> _Required work_: Where the material below has a line containing "22901 Bassett Street, West Hills, CA 91307", start repeating exactly, and keep going through the line containing "5311 Oleander Avenue", with no other lines.

> _Exercise input_:
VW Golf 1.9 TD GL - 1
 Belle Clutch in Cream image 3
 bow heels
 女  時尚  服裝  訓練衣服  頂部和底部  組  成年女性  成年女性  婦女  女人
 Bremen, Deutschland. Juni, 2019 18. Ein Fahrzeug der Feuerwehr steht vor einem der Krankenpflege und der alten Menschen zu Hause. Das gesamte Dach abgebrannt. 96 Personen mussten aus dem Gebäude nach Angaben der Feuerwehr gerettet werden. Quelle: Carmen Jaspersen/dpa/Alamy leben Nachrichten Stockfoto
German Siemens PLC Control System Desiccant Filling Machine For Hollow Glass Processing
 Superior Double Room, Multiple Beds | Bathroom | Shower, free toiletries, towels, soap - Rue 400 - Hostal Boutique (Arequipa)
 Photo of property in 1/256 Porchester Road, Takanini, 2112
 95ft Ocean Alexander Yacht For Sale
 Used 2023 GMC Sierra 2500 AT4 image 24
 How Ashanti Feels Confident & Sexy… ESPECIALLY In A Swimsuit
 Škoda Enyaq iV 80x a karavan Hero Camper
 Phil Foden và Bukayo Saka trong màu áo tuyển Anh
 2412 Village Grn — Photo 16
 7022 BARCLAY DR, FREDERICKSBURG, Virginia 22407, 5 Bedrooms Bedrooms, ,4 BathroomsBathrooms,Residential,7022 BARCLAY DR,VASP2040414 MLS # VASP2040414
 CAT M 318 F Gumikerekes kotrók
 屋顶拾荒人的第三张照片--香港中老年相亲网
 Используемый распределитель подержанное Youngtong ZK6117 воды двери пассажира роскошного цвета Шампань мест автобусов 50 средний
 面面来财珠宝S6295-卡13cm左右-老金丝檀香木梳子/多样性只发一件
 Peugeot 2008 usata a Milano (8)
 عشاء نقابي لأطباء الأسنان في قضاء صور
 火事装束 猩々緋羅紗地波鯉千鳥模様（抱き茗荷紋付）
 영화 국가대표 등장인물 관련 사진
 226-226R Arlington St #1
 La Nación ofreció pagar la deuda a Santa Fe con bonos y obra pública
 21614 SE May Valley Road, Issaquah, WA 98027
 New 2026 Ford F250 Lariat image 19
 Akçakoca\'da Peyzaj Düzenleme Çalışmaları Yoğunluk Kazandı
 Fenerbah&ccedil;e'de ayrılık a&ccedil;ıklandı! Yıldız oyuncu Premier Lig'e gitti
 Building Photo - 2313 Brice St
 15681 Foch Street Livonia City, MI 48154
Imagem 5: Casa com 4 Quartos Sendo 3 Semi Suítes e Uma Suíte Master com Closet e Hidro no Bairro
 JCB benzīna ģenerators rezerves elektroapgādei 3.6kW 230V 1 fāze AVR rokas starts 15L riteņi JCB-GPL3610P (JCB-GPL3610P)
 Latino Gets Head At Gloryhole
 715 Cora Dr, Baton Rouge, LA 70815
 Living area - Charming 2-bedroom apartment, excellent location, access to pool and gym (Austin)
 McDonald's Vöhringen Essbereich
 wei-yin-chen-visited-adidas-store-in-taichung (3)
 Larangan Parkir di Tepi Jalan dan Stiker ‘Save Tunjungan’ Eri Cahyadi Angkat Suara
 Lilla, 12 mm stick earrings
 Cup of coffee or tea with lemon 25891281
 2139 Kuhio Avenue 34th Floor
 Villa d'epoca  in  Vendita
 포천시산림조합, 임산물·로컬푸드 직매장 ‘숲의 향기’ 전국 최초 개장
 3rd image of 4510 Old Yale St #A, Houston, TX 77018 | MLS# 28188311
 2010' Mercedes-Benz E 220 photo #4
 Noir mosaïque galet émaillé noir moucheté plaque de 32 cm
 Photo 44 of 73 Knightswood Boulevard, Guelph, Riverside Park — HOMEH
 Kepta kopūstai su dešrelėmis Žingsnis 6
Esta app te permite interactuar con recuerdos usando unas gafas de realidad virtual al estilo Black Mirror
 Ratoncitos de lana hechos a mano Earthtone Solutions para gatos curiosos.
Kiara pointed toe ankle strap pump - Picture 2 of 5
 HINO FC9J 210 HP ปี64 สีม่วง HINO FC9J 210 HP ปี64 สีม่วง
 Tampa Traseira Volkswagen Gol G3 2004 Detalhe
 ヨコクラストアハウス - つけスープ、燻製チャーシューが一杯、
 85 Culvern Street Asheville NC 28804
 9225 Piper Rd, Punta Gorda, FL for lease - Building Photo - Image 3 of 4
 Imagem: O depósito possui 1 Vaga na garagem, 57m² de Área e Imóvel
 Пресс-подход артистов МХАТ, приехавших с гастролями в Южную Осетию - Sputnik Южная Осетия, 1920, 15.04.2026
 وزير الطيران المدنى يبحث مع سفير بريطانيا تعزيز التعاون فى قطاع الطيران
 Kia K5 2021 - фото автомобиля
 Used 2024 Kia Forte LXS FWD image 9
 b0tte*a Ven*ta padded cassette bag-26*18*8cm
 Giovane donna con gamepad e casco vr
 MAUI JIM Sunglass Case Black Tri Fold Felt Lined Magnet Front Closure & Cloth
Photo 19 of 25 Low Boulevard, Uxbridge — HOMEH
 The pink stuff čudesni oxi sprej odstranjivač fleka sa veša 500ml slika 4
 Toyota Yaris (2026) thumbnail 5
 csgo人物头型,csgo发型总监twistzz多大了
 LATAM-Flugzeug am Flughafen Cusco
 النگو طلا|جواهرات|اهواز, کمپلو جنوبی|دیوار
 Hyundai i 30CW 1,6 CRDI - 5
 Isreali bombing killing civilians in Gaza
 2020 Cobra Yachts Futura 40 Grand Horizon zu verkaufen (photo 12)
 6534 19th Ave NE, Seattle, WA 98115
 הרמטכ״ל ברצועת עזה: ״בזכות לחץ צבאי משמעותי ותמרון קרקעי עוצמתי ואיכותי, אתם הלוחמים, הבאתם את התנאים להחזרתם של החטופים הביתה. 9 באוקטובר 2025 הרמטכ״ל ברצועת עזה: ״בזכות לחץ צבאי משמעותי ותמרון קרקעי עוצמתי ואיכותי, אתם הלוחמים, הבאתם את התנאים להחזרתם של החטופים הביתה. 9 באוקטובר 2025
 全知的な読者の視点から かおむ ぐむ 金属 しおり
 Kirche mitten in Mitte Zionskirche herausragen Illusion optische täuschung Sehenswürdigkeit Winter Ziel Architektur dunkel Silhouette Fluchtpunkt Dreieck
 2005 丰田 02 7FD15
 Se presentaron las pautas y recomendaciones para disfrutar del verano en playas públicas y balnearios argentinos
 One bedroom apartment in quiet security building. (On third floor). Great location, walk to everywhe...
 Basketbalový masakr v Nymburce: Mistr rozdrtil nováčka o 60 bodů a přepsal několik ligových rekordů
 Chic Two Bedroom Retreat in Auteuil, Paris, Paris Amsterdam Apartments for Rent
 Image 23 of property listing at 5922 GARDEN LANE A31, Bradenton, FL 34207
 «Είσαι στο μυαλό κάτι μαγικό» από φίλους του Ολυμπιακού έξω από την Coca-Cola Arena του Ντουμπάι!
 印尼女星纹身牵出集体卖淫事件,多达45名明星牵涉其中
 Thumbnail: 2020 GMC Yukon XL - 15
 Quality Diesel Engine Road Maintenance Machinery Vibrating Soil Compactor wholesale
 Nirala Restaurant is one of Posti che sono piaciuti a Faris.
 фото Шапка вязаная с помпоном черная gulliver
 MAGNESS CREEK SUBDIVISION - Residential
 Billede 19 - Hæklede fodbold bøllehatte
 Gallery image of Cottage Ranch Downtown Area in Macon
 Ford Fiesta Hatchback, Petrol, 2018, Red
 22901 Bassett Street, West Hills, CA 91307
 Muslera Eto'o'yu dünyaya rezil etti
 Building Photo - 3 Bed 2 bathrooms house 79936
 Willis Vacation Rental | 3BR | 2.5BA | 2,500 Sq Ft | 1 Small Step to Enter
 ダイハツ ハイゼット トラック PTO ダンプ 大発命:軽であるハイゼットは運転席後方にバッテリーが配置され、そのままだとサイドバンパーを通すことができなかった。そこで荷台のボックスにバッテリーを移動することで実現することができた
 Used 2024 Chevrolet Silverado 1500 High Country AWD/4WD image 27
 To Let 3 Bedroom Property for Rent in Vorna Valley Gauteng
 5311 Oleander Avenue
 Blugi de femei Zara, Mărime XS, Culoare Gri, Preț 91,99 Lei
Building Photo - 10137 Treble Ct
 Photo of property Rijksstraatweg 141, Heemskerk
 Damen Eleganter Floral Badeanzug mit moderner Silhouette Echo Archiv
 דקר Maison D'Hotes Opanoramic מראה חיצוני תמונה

> _Exercise answer_:
 22901 Bassett Street, West Hills, CA 91307
 Muslera Eto'o'yu dünyaya rezil etti
 Building Photo - 3 Bed 2 bathrooms house 79936
 Willis Vacation Rental | 3BR | 2.5BA | 2,500 Sq Ft | 1 Small Step to Enter
 ダイハツ ハイゼット トラック PTO ダンプ 大発命:軽であるハイゼットは運転席後方にバッテリーが配置され、そのままだとサイドバンパーを通すことができなかった。そこで荷台のボックスにバッテリーを移動することで実現することができた
 Used 2024 Chevrolet Silverado 1500 High Country AWD/4WD image 27
 To Let 3 Bedroom Property for Rent in Vorna Valley Gauteng
 5311 Oleander Avenue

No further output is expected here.